These included ensuring stability and ability to lend, and using supervisory powers to make sure banks did not misuse the capital they received from the government and did not continue taking excessive risks, he said.
In the case of Citigroup, Bernanke said: "We'll see how their test works out and what evolves." The Fed chief was referring to new "stress tests" that regulators will start conducting on the biggest banks to judge whether they can hold up if the recession were to worsen.
The tests will help regulators decide whether the banks have sufficient capital—and the right mix of it—to withstand any additional shocks to the economy over the next two years.
The results will help regulators decide whether banks may need additional assistance so they can carry out the critical mission of boosting lending to customers, a key ingredient to the economic turnaround.
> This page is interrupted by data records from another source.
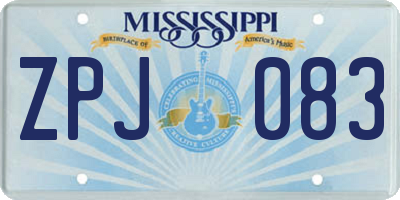 MS license plate ZPJ083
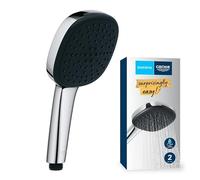 GROHE Vitalio Comfort 110, Pommeau de Douche Cube 11cm 2 Jets (Pluie/Stimulant), Economie d'Eau, Sélection Facile, Procédé Anti-Calcaire, Chromé, 26397001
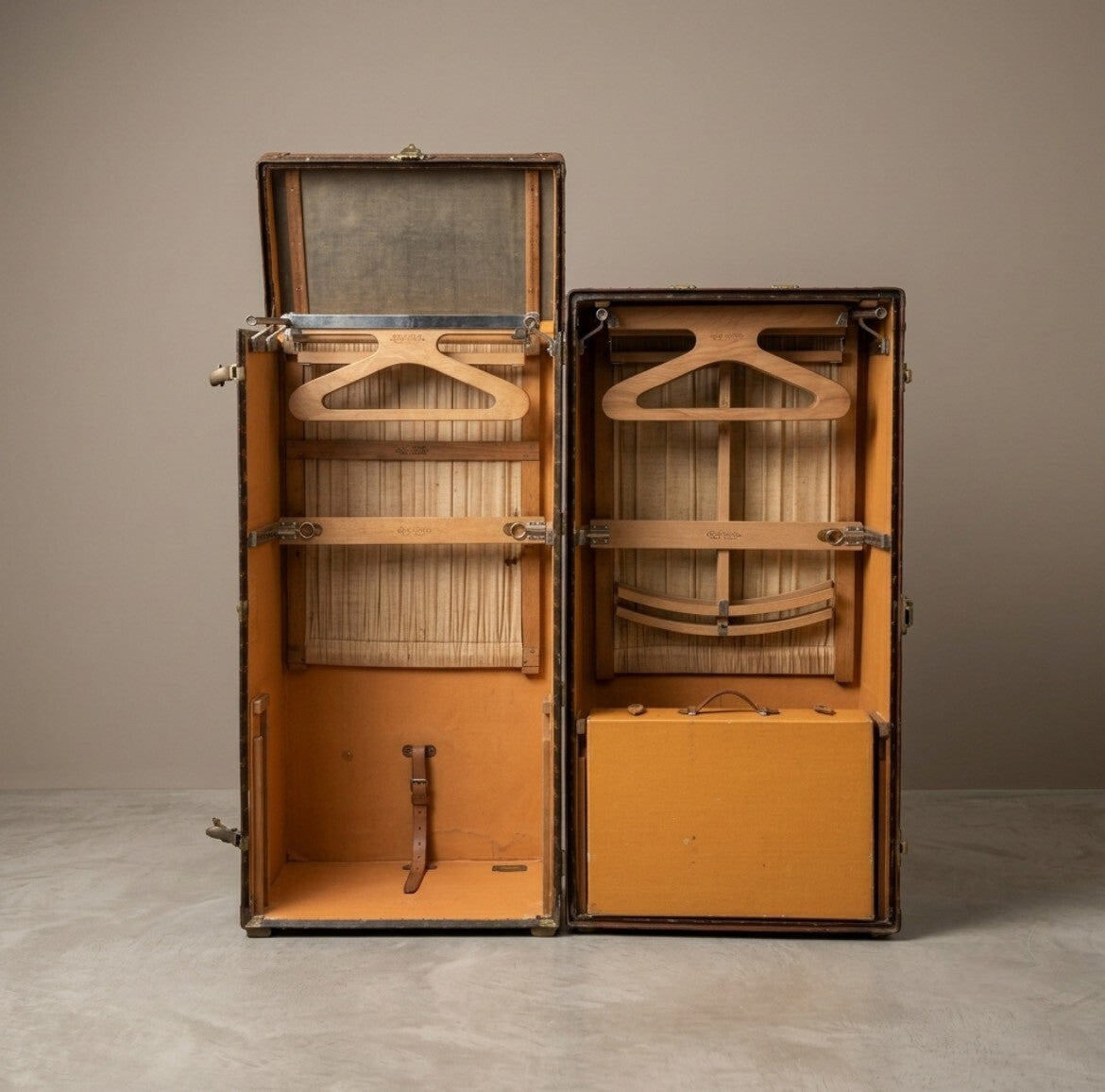 Louis Vuitton Monogram Wardrobe Trunk, circa 1918, Double Hanging Interior with Period Wooden Hangers, 113 cm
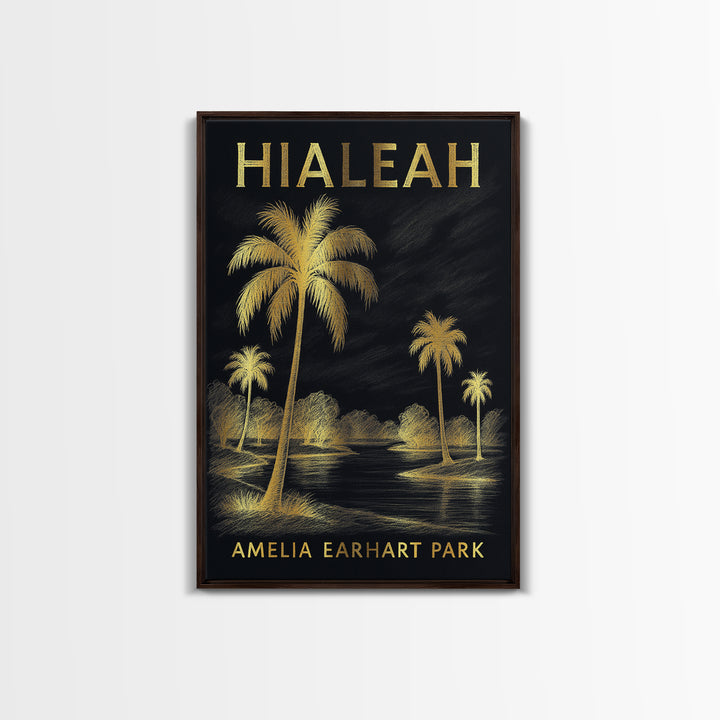 Hialeah Florida Travel Poster, Framed Canvas Print, Dark Background Poster Art, Hialeah Travel Art, Travel Poster Art, Travel Poster Set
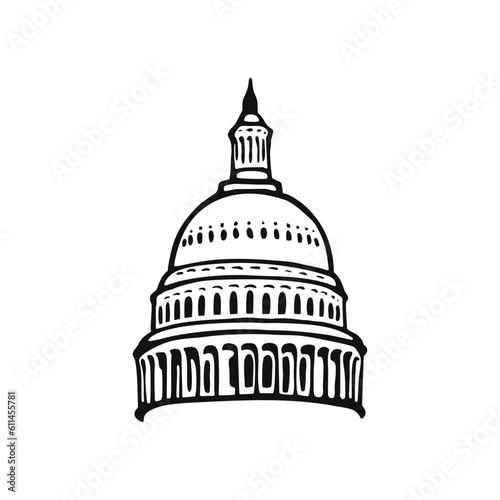 Capitol dome vintage hand drawn illustration design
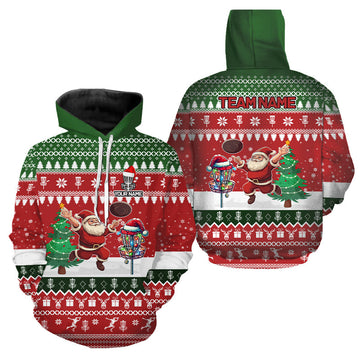 Funny Santa Disc Golf Hoodie with Custom Team Name | Ugly Xmas Outfit for Frisbee Golf N9028
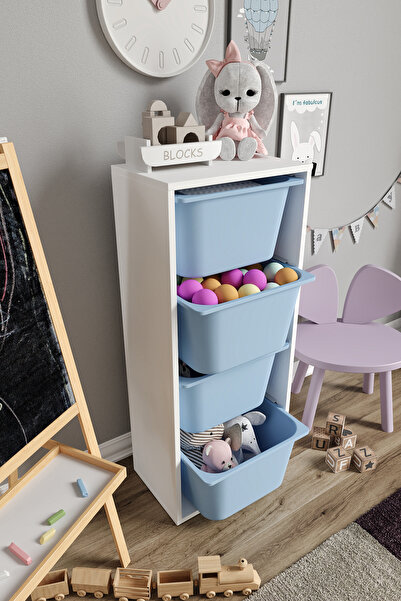 Baby Darling %100 MDF - Large Mono 4 Büyük Sepetli Oyuncak Dolabı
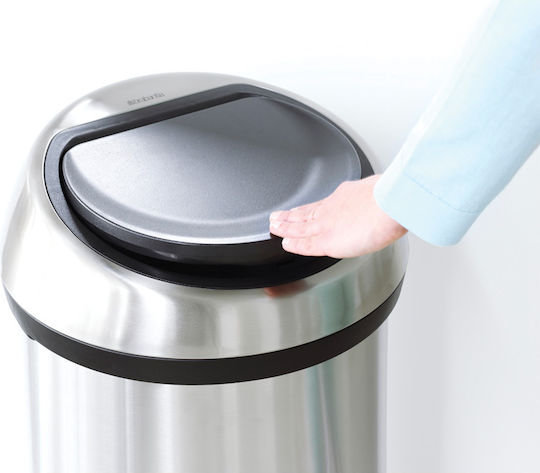 Brabantia Brabantia Metallischer Mülleimer Push Silber 60lt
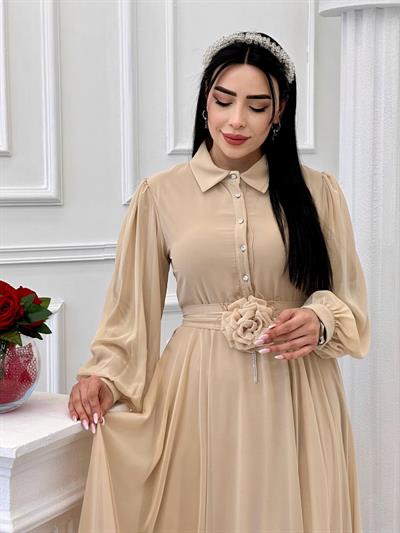 Gül Kemerli Şifon Elbise 1535 t-24 Bej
Bernanke told the House panel that if the stress test reveals that a bank needs more capital, it will have up to six months to raise it from private companies.
If it can't, then the government would provide assistance.
One option for help, laid out by the Obama administration Monday, would allow the government to sharply increase its stake in banks. It would be done by converting the government's stock in banks from preferred to common shares.
The strategy, which could be applied retroactively to banks that received money in the first incarnation of the bailout, would give the government voting shares and more say in a bank's operations.
Citigroup has been involved in talks with regulators over ways the government could help strengthen the New York-based bank, including use of the stock conversion plan.
Citigroup already has received $45 billion in bailout money, plus guarantees to cover losses on hundreds of billions of dollars in risky investments.
Bernanke also said that he had an exit strategy from the U.S. central bank's recent massive monetary expansion that will keep inflation under control as the economy recovers.
"We are quite confident that we can raise interest rates, reduce the money supply and do that all in a timely way to avoid any inflationary consequences," Bernanke told the House Financial Services Committee as he delivered a second day of testimony on the Fed's monetary policy report.
Bernanke also said recent sharp declines in stock prices mostly reflected investor attitudes about risk and had become detached from real U.S. economic fundamentals.
"The risk appetite of investors changes over time and right now the standard measures of the risk premium that investors are charging to hold stocks are at very high levels relative to anything we have seen in recent decades," Bernanke said in semi-annual testimony to Congress.
"The stock values reflect not so much the fundamentals, the long-term profitability of the economy, but they also reflect investor attitudes about risk and uncertainty which right now are at very high levels," he told lawmakers during questions.
U.S. stocks have fallen to 12-year lows this month, with the benchmark S&P 500 down about 15 percent and the Dow Jones industrial average off about 16 percent since the start of 2009.
Bernanke said that while the stock market was one of the important financial indicators, other key variables like credit markets were painting a different picture.
Bernanke attributed the rapid and sharp decline in stock prices to investors being "skittish about holding any risky assets and (who) have moved in a very substantial way toward the safest assets like Treasury securities."